Blockchain zoo spawns CryptoKitties and Fishcoins
A basic definition of blockchain isn’t that tough to grasp—it’s like a shared spreadsheet (a “distributed ledger”) that can’t be changed by any individual member without the approval of their trading partners. That distributed design model generates a high level of data security, which means the technology could be a helpful tool for supply chain tasks like tracking goods or making payments.
For example, FedEx has launched a pilot project that uses blockchain to improve supply chain visibility by supporting digital data exchange among shippers, carriers, and retailers, company executive Sean Healy, senior vice president of transportation, international, planning, and strategy, said in a published report.
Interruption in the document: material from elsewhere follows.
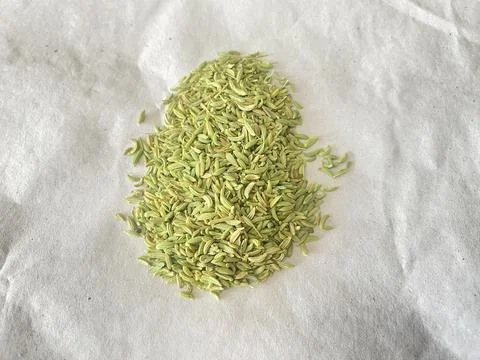 Cumin gree back Stock Photos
That high security also lets some groups make their own web-based money, using blockchain as the technological foundation for virtual currencies like Bitcoin and Ethereum. But blockchain quickly gets weird when you look at some of the more creative ways it gets applied. Try to follow me here:
- CryptoKitties is a blockchain game where players collect and breed digital cats in a platform based on the Ethereum network. If this sounds silly, then you should know that some people take it very seriously—the company recently raised $12 million in venture capital funding from the big name investors Andreessen Horowitz and Union Square Ventures.
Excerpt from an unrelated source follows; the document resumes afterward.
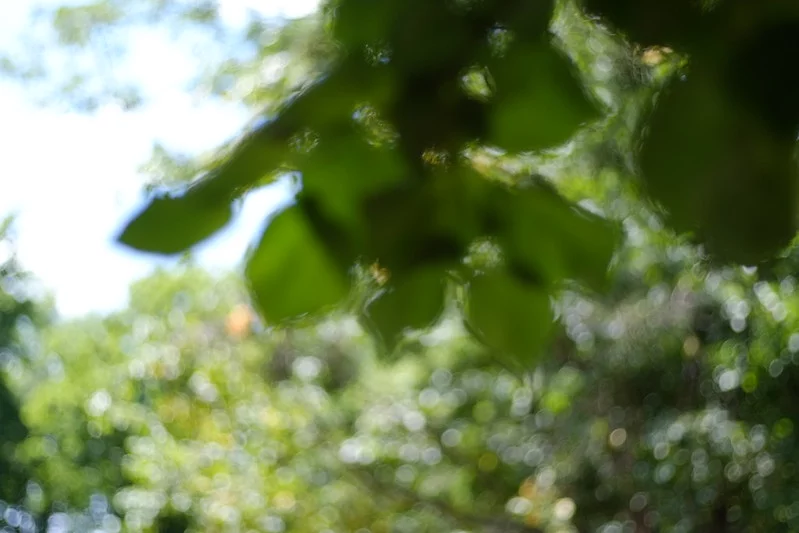 14699089705_35a82fd204_c.webp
- Fishcoin is a blockchain-based utility token that rewards fishermen and fish farmers for providing data that supports food traceability and could help reduce seafood industry mislabelling and fraud. Fishermen who share information about their catch with restaurants or grocery stores could benefit when smart contracts transfer a Fishcoin micropayment into their crypto-wallets, giving the fishermen funds to spend on paying their bills.
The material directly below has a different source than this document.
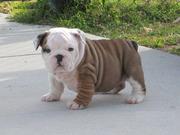 English Bulldog Puppies Excellent Quality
- Slovenian supply chain traceability service provider OriginTrail recently launched a blockchain-based token sale—also known as an initial coin offering (ICO)—to raise money for its plan to build a blockchain-based decentralized data exchange network that would support trade in a utility token called “Trace” to reward supply chain organizations for increasing transparency in their trading practices by sharing Internet of Things (IoT) data.
- Empowr, a profit-sharing social network and e-commerce marketplace, is creating a cryptocurrency that it will give away for free to its community of members. Users can earn those coins—an activity known as “mining cryptocurrency”—by posting new content or by selling goods and services, then turn around and spend their loot in the platform’s own marketplace or on advertising and subscription services on the empowr site.
- A smartphone app called “Sweatcoin” uses the phone’s GPS and accelerometer to count users’ steps wherever they walk, and convert those strides into units of a blockchain-based virtual currency—also called sweatcoins—that can then be spent on buying goods and services sold through the app’s own e-commerce marketplace. At last count, 1,000 steps would earn you 0.95 sweatcoins, worth about $3 per sweatcoin, so get hiking!
But wait, what does all of this have to do with material handling or international shipping? That remains to be seen, but blockchain is enabling new ways of handling the basic activities that fuel logistics business transactions. In the words of CryptoKitties, “The future is meow.”